Cass - Apr 19, 2010 8:15:37 pm PDT #7727 of 30002
Bob's learned to live with tragedy, but he knows that this tragedy is one that won't ever leave him or get better.

because my initial reaction to John was colored by Dean's loyalty, and then bearded, older JDM showed up in Home and it was all over for me.

It's equal parts writing and casting (and acting and directing and a million other things, yes) because think of who John might have been with different casting. Hell, he might have been Cassie - the really interesting idea that crashed and burned badly.

I admit, JDM has been excellent in the role. Not just the pilot, but when he reappears in Home, you just want to feed him whiskey soup and give him a cuddle.

I keep reading people saying that Dean swore fealty to heaven in S4, but he didn't--they just had the audio in that S4 trailer (thanks for that DL link for the other vid, Bev), he swore to God and his angels. It may never come back, but he certainly wasn't talking about Zachariah or Michael in honest truth. Which he wasn't to know, but God would, right?

Okay, so he could be skating on a technicality. I can accept that because otherwise I couldn't figure out how they were sidestepping. Clearly I wasn't paying total attention.


Cass - Apr 19, 2010 8:22:43 pm PDT #7728 of 30002
Bob's learned to live with tragedy, but he knows that this tragedy is one that won't ever leave him or get better.

but did he turn out all right?

A commitment-phobe alcoholic with no self-esteem who's only alive right now because his brother took one hell of a world-jeopardising risk on him that is PRETTY WHEN HE CRIES.

Yeah, Dean is broken. I hope he's slightly fixed or dead by the end, honestly. Giving the Dean we have in recent years another fifty years is too much torture.

And, yes, I want him fixed but I am more okay with series ending in death than others. Except Wesley. He didn't die. And Gunn survived too. ... I might be less okay with it than I think. New theory - Dean lives.
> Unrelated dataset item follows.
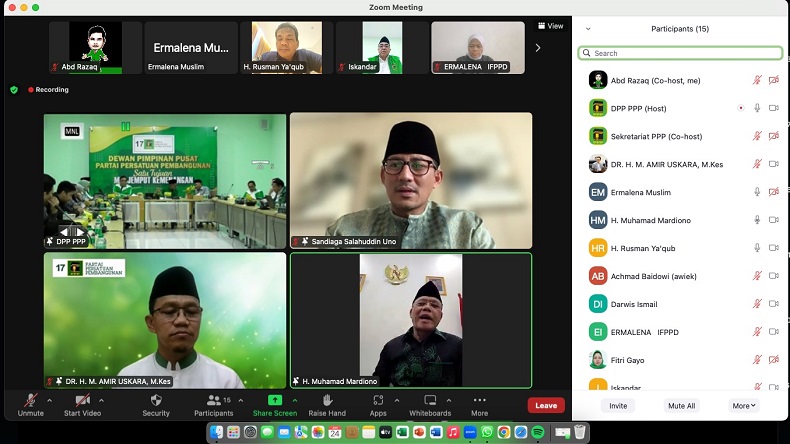 Pimpin Rapat Bappilu PPP, Sandiaga Uno: Rebut 11 Juta Suara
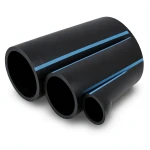 NPF HDPE Pipes Water Networks Pressure 20 Bar Diameter 250 mm Thickness 18.4 mm Black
Sam lives. Bobby lives (Shush, Jilli). And Missouri lives. Who else is still alive? Half-bro is a zombie, he deserves a moment of beautiful closure and then eternal rest where he can see his mom. Castiel is an angel of the lord.

I think Show just hurt my brain trying to think.


Theresa - Apr 19, 2010 8:35:21 pm PDT #7729 of 30002
"What would it take to get your daughter to stop tweeting about this?"

protectiveness with no explicit evidence Sam was more at risk than anyone else.

I have been searching this whole time for that gas station conversation. Clearly I need help.

In Home, the boys talk to the man that John co-owned the garage with and it's hard to keep straight what is in the scene and what is in the extended deleted scene. In the scene as in the aired episode, the man said that John doted on the kids. Sam clarifies this is before the fire. The man said John wasn't making sense saying that something killed Mary and went to see a palm reader. Then they discover Missouri is the psychic and John had written in his journal that Missouri told him the truth.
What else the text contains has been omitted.